Problem to solve ::
The required output is the exact run of lines in the listing below from the line holding "Skim the foam" through the line holding "Once we open", with no pictures.

** Data excerpts follows **

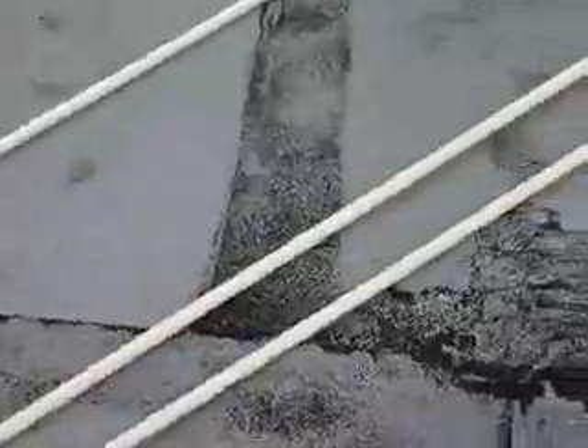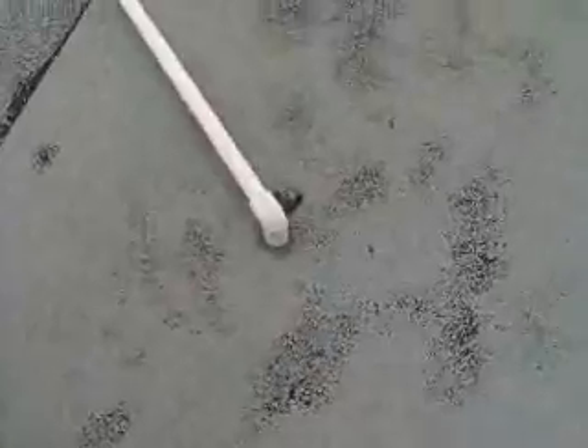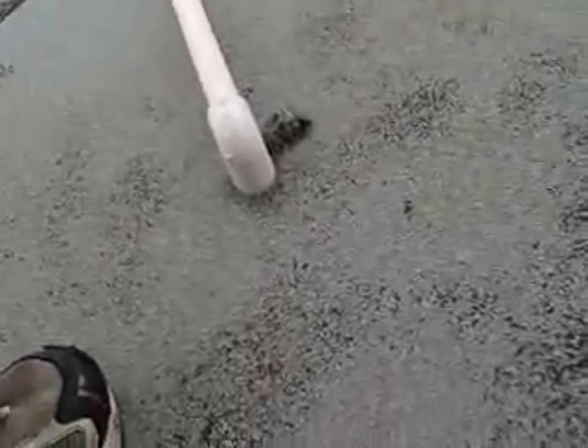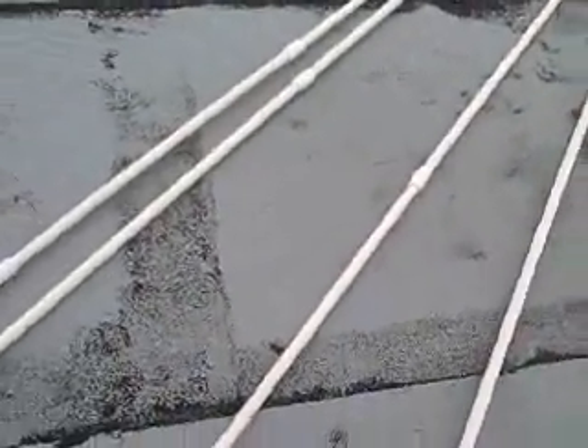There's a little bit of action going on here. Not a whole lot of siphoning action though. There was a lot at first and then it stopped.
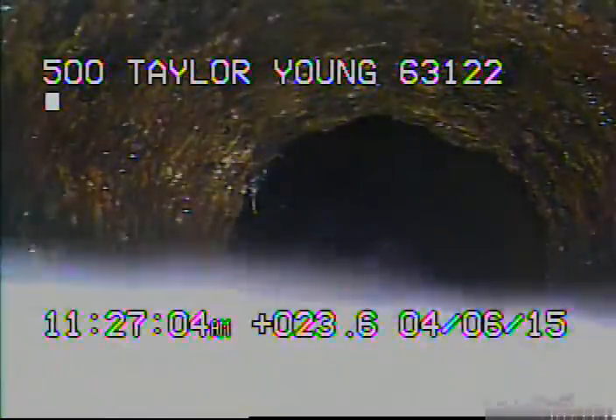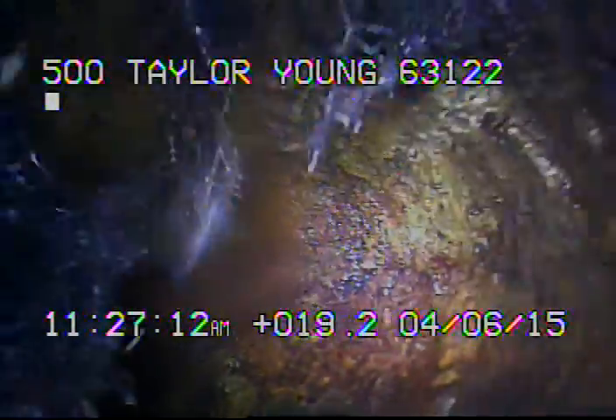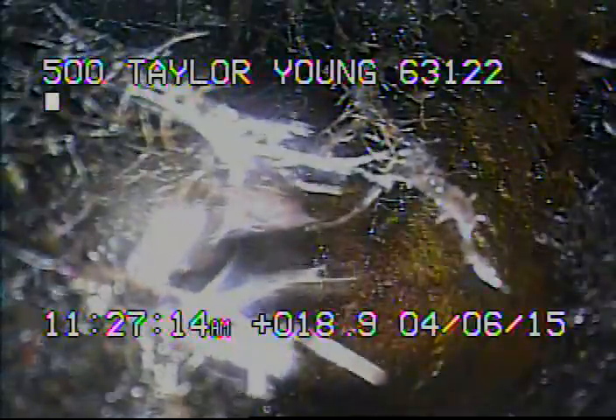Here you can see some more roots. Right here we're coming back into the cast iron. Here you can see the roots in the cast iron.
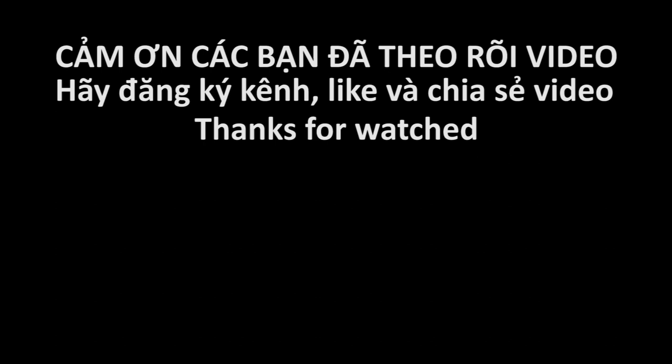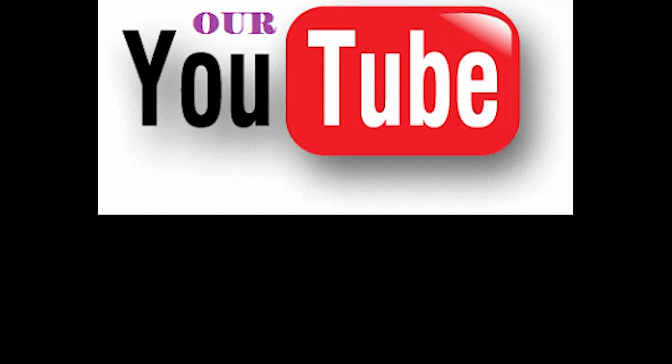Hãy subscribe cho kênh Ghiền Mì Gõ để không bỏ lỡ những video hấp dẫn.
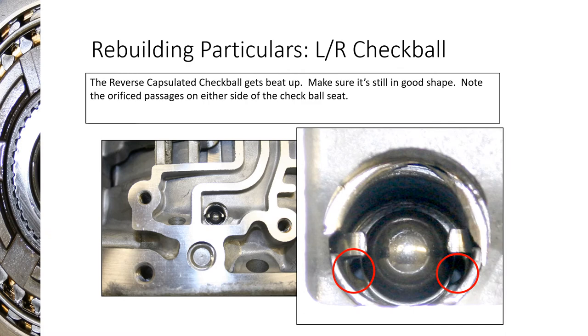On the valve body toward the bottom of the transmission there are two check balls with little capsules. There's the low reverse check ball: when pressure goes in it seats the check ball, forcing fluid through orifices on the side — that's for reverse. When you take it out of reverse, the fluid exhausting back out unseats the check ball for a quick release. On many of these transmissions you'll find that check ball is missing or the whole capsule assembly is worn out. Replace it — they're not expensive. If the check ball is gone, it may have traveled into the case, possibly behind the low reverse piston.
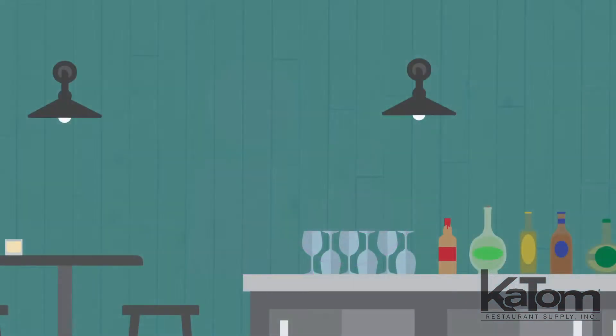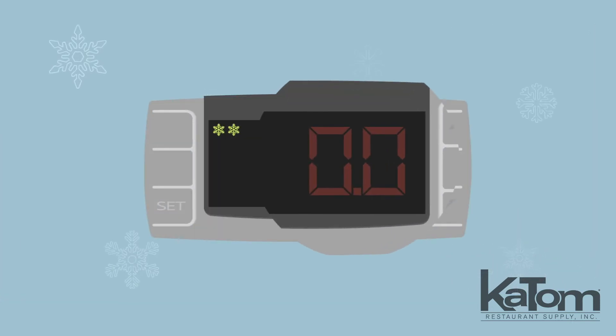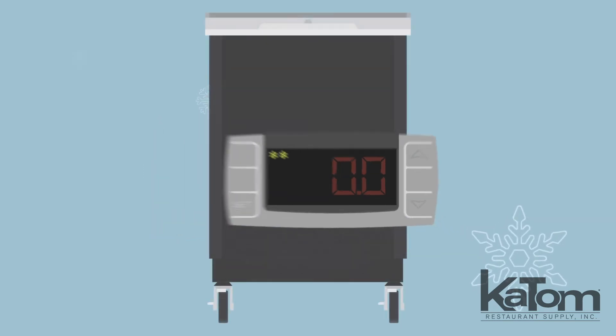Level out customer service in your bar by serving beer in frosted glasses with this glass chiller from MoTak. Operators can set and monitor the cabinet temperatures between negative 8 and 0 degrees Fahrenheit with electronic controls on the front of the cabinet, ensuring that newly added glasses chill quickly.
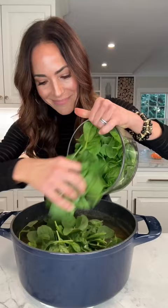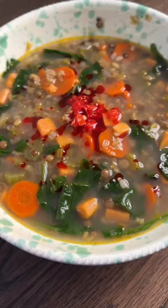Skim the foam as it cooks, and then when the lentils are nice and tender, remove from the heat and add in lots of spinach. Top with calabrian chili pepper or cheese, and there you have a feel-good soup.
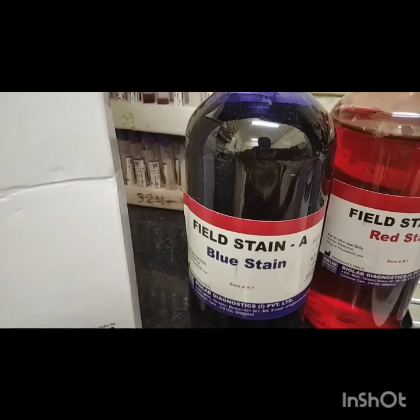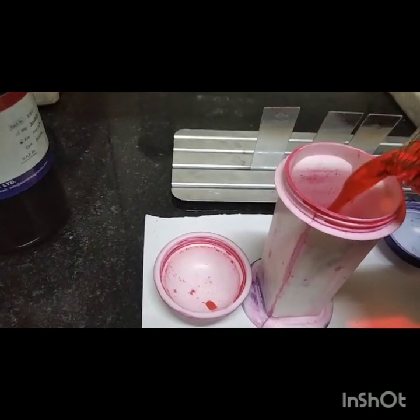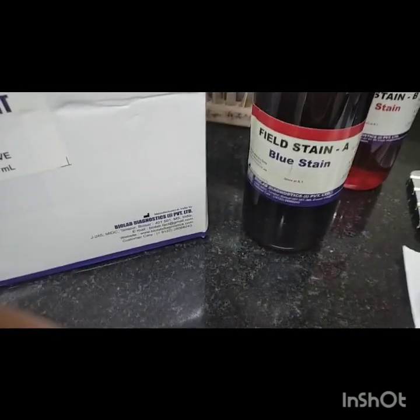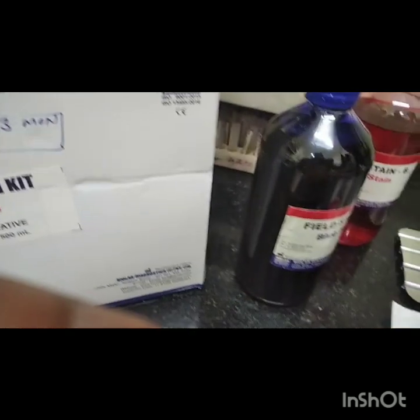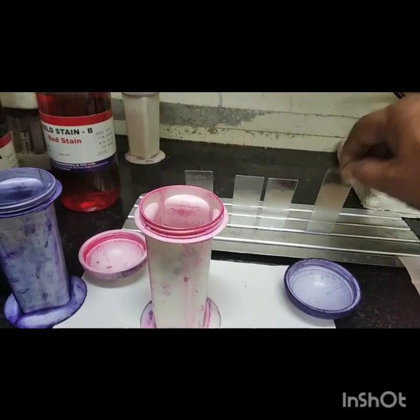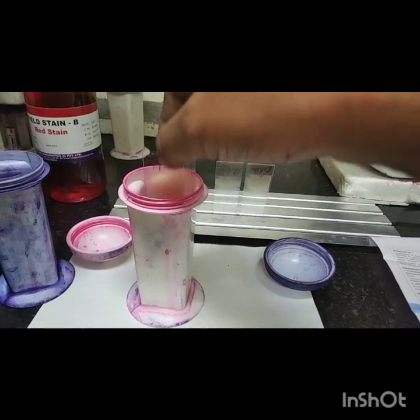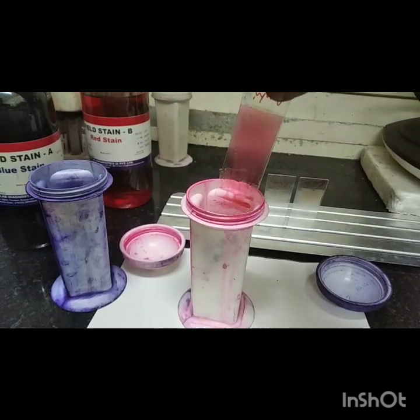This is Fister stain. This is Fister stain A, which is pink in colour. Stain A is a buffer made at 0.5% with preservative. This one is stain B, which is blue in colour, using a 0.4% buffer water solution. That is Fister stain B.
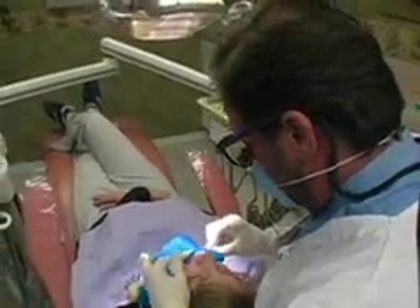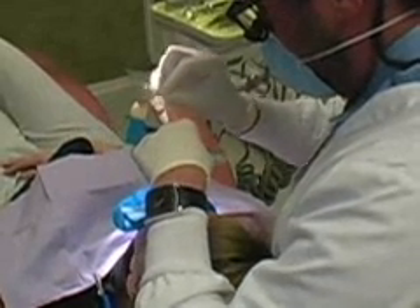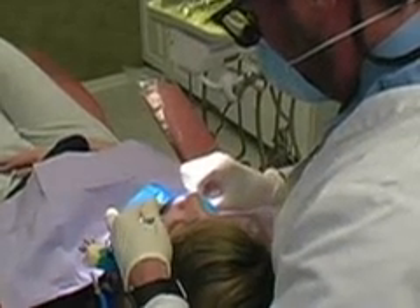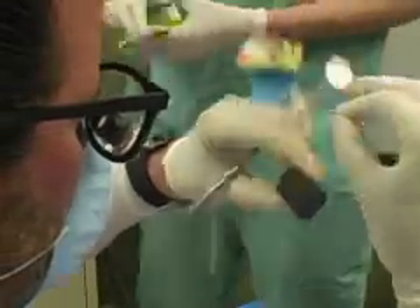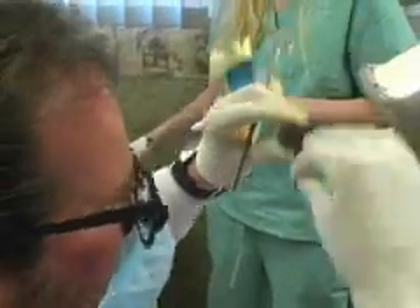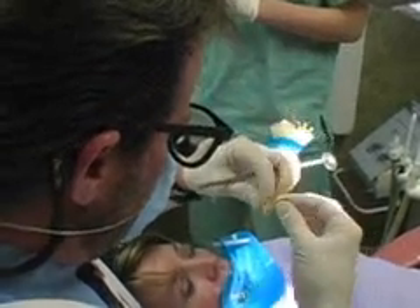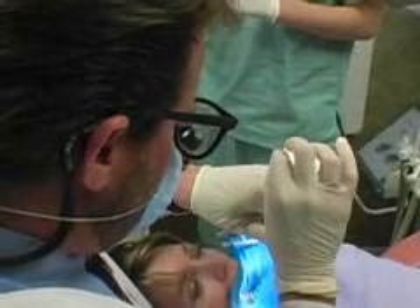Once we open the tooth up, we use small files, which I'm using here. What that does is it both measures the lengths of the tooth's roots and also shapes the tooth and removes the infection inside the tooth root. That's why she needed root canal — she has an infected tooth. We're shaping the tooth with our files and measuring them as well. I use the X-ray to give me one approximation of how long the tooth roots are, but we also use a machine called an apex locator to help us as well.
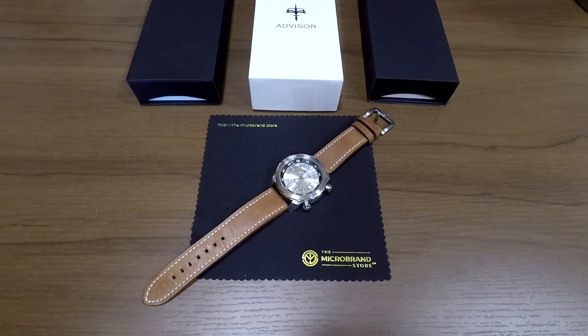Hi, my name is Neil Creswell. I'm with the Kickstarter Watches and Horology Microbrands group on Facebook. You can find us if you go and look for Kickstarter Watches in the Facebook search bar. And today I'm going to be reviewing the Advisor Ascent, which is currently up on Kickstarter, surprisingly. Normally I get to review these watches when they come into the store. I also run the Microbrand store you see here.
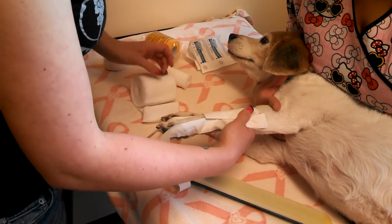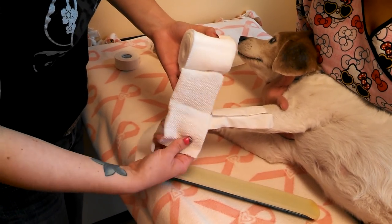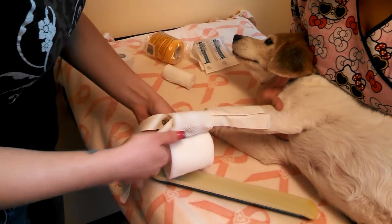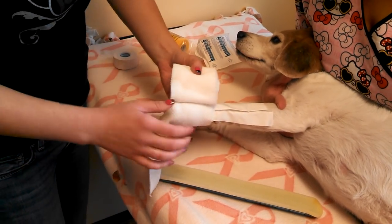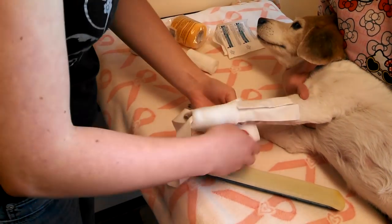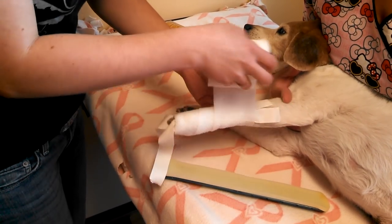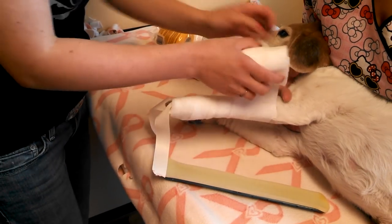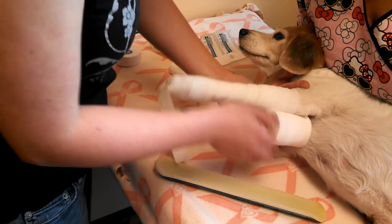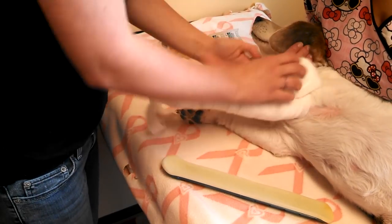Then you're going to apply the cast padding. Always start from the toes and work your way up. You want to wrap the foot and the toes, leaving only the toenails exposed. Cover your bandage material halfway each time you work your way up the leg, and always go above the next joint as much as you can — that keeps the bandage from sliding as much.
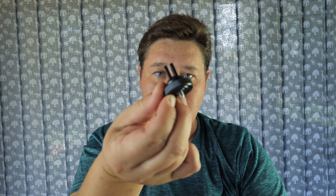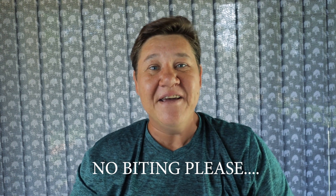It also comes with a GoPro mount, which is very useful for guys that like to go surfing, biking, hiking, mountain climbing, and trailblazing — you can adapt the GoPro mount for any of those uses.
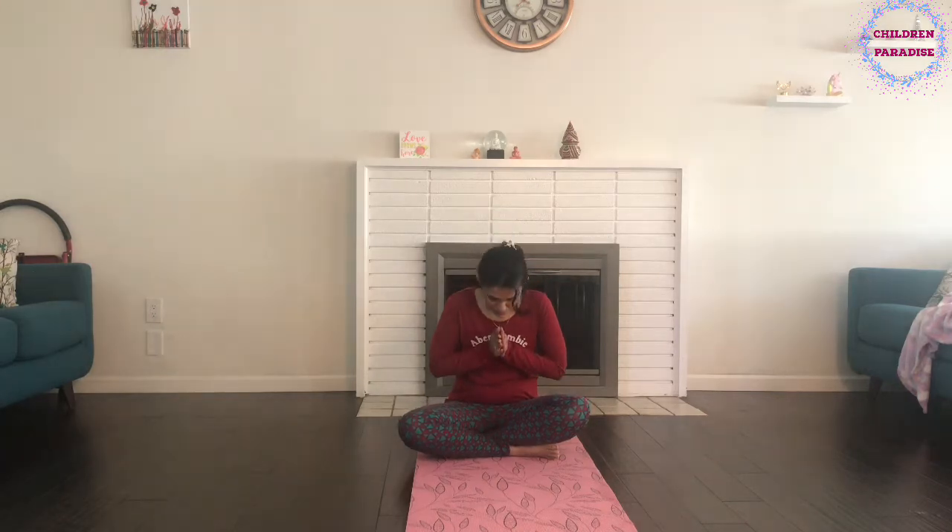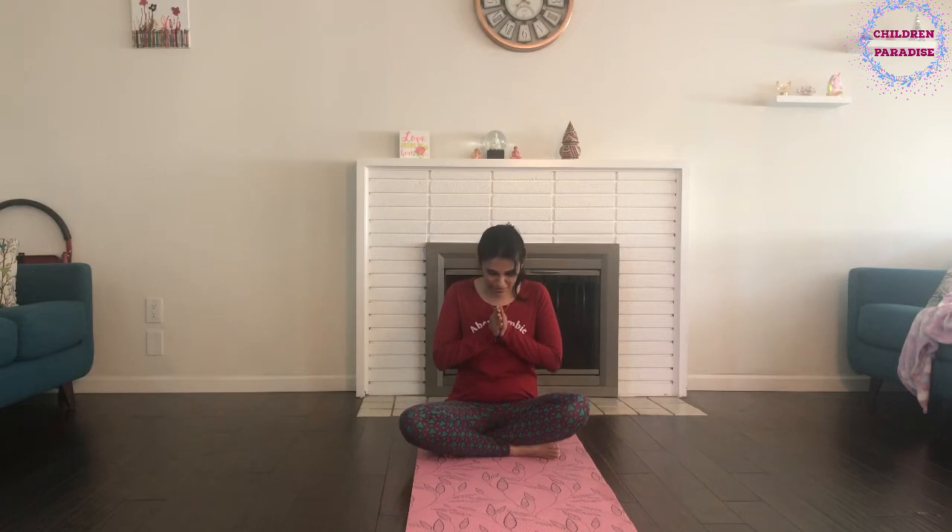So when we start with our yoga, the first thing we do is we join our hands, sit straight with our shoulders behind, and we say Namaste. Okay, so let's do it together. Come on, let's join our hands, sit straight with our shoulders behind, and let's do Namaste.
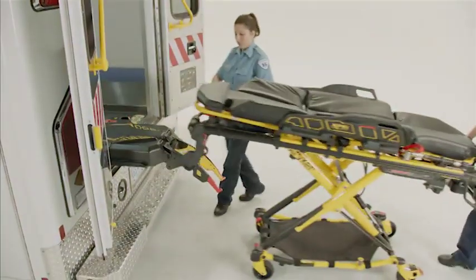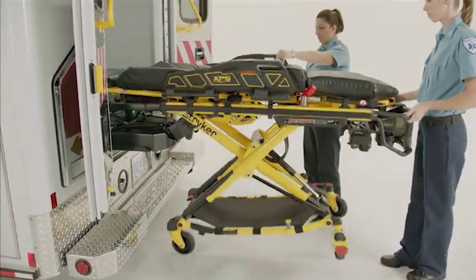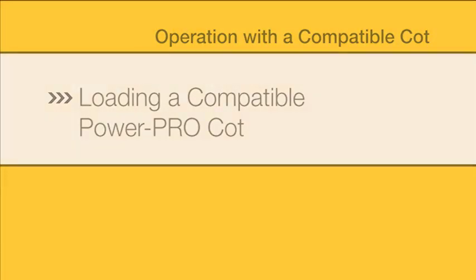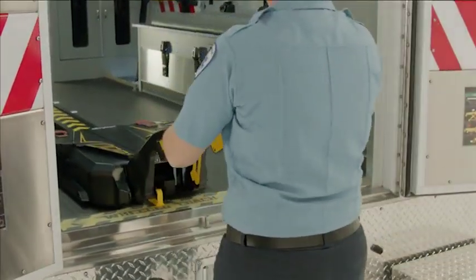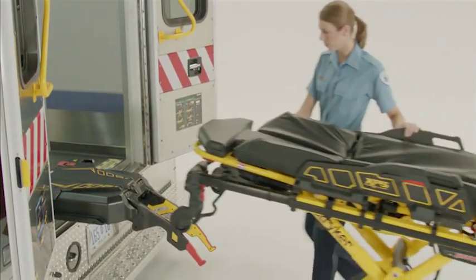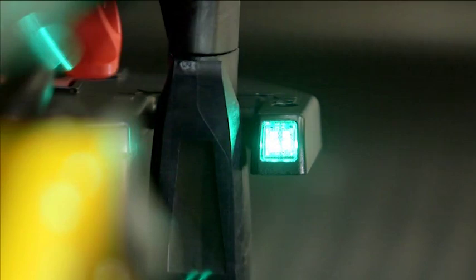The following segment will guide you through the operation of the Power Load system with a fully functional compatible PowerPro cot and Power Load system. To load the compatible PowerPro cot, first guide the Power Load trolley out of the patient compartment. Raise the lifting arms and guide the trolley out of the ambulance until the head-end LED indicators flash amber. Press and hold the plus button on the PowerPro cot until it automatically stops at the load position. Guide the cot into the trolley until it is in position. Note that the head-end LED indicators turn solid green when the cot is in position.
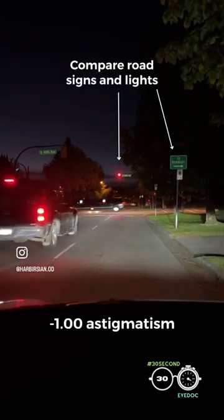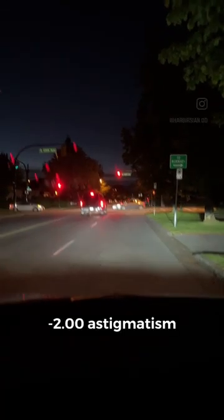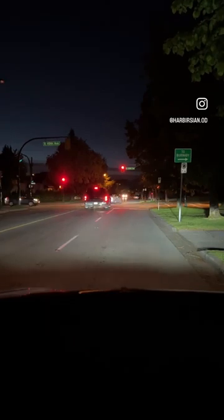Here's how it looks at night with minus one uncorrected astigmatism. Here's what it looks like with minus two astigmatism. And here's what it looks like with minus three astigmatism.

** End of Data excerpts **

Result for this task ::
Skim the foam as it cooks, and then when the lentils are nice and tender, remove from the heat and add in lots of spinach. Top with calabrian chili pepper or cheese, and there you have a feel-good soup.
This is Fister stain. This is Fister stain A, which is pink in colour. Stain A is a buffer made at 0.5% with preservative. This one is stain B, which is blue in colour, using a 0.4% buffer water solution. That is Fister stain B.
Once we open the tooth up, we use small files, which I'm using here. What that does is it both measures the lengths of the tooth's roots and also shapes the tooth and removes the infection inside the tooth root. That's why she needed root canal — she has an infected tooth. We're shaping the tooth with our files and measuring them as well. I use the X-ray to give me one approximation of how long the tooth roots are, but we also use a machine called an apex locator to help us as well.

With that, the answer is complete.